Harry Potter and the Sorcerer's Stone
How we cite our quotes:
"You've got to stand up to him, Neville!" said Ron. "He's used to walking all over people, but that's no reason to lie down in front of him and make it easier."
"There's no need to tell me I'm not brave enough to be in Gryffindor, Malfoy's already done that," Neville choked out. (13.28-29)
Ron's trying to encourage Neville, but Neville takes it as an insult. It's too bad, because Ron's right – they all have to "stand up" for themselves. Yet, that's easier said than done, especially for someone like Neville, who's frequently made fun of and shamed by the idea that he's "not brave enough."
"It's people they feel sorry for. See, there's Potter, who's got no parents, then there's the Weasleys, who've got no money – you should be on the team, Longbottom, you've got no brains."
Neville went bright red but turned in his seat to face Malfoy.
"I'm worth twelve of you, Malfoy," he stammered. (13.77-79)

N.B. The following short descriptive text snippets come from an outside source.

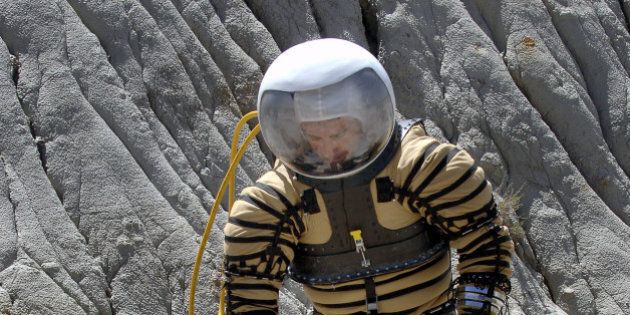 University of North Dakota Space Studies graduate studen Fabio Sau tests out a experimental planetary space suit in the North Dakota Badlands near Fryburg, N.D., on Saturday, May 6, 2006. Sau is the guinea pig for an experimental Mars space suit that he and about 40 other students from five North Dakota schools developed under a $100,000 grant from NASA. The suit was formally unveiled Saturday in a craterlike area surrounded by buttes in the North Dakota Badlands, the highly eroded landscape that researchers say resembles Martian terrain. In this test the outer blue covering of the suit has been removed. (AP Photo/Will Kincaid)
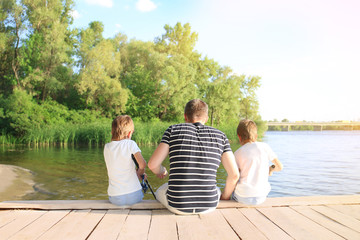 Fototapeta premium Father with sons fishing from pier on river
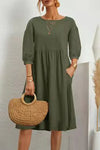 Casual mid-length dress with 3/4-length sleeves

Malfoy just doesn't stop with the insults, does he? We're guessing that, in this case, he's being so cruel because he's jealous: the Gryffindor Quidditch team is actually very good, and they really have assigned the best players to the field. Since their team is a match for Slytherin technique-wise, Malfoy tries to undercut them on a morale level. It takes a lot for Neville to reply to Malfoy here, even if it doesn't accomplish very much.
Harry caught Neville's eye and tried to tell him without words that this wasn't true, because Neville was looking stunned and hurt. Poor, blundering Neville – Harry knew what it must have cost him to try and find them in the dark, to warn them. (15.9)
Harry's right to feel sorry for Neville here; Neville's sacrificed himself on Harry and Hermione's account, and Harry can't even tell Neville the truth about what went down. So often when Neville tries to be brave, he gets in trouble himself: here, he gets detention.